Under the present regulatory framework, outlined in RBI’s Comprehensive Guidelines on OTC Foreign Exchange Derivatives and Overseas Hedging of Commodity Price and Freight Risks (A.P (DIR Series) circular no. 32 dated 28 December 2010), writing of options by users (Indian resident entities) on a stand-alone basis is not permitted. The users could currently enter into option strategies of simultaneous buying and selling of plain vanilla European options, provided there is no net receipt of premium.

New development

With the view to encourage participation in the OTC currency options market and improve its liquidity, RBI through its Circular-RBI/2015-16/431 (the RBI
Circular), issued on 23 June 2016, has permitted resident exporters and
importers of goods and services to write (sell) standalone plain vanilla
European call or put option contracts against their contracted exposure, i.e.
covered call or covered put respectively, to any AD Category-I bank in India
subject to the prescribed operational guidelines, terms and conditions.

Some of the salient features of the RBI Circular are as follows:

  • Participants: The guidelines in the RBI circular will be applicable to the following participants:
    • Market makers - AD Category-I banks in India who have RBI’s approval to run cross currency and foreign currency-Indian rupee option books. 
    • Users - Listed companies and their subsidiaries/joint ventures/associates having common treasury and consolidated balance sheet or unlisted companies with a minimum net worth of INR200 crore, if these companies provide appropriate disclosures in the financial statements as prescribed by the Institute of Chartered Accountants of India (ICAI).
  • Permitted options: Covered options (either as a single FCY-INR option or as separate options for the FCY-USD and USD-INR legs) may be written (sold) by resident exporter or importers against their underlying contracted exposures arising out of their exports or imports, respectively. However, the use of covered option shall not be considered as a hedging strategy.
  • Underlying: Covered options may be written against either a portion or the full value of the underlying. 
  • Structure derivative product: The covered option being a combination of an underlying cash instrument and a generic derivative product, should be treated as a structured derivative product.
  • Approvals: AD Category-I banks may enter into covered options with their exporter or importer constituents only after obtaining specific approval in this regard from their competent authority, i.e. their Board, Risk Committee, etc.
  • Capital and provisioning requirements: AD Category-I banks shall treat the exposures against which a covered option has been written as an ‘unhedged exposure’ and accordingly apply the guidelines on Capital and Provisioning Requirements for Exposures to entities with Unhedged Foreign Currency Exposure.
  • Period: Covered option contracts may be written for a maximum maturity period of 12 months. 

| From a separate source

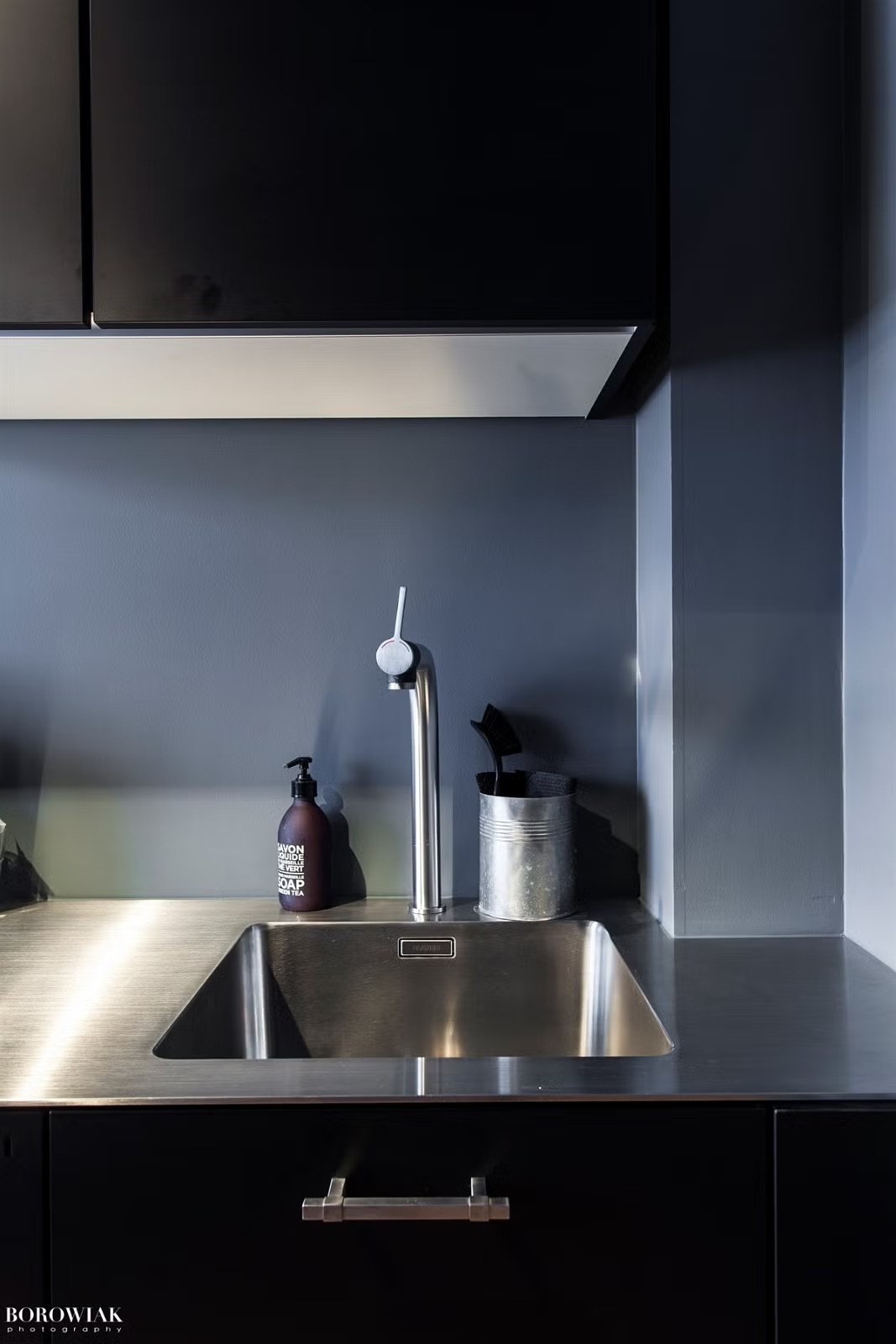 Legg merke til at benkeplaten og kummen er i én hel del. Galleribilde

 Similar amendments have been made in the Foreign Exchange Management (Foreign Exchange Derivative Contracts) Regulations, 2000.

Our comments

A company that writes a call or put option hasthe obligation, but not the right to sell or buy foreign currency, respectively, at the option price, on exercise of the option by the buyer. While RBI’s move is expected to improve liquidity in the OTC currency options market, companies that are proposing to write these options should carefully assess the accounting implications of these options. For instance, the European call or put options are not generally capable of being treated as hedging instruments under current accounting principles.

Also, these options will generally not qualify for hedge accounting under Indian Accounting Standard (Ind AS) 109, Financial Instruments. The covered options would generally, therefore, be recognised at their fair value with changes in fair value recognised through the statement of profit and loss by the issuing companies, under current accounting principles as well as under Ind AS.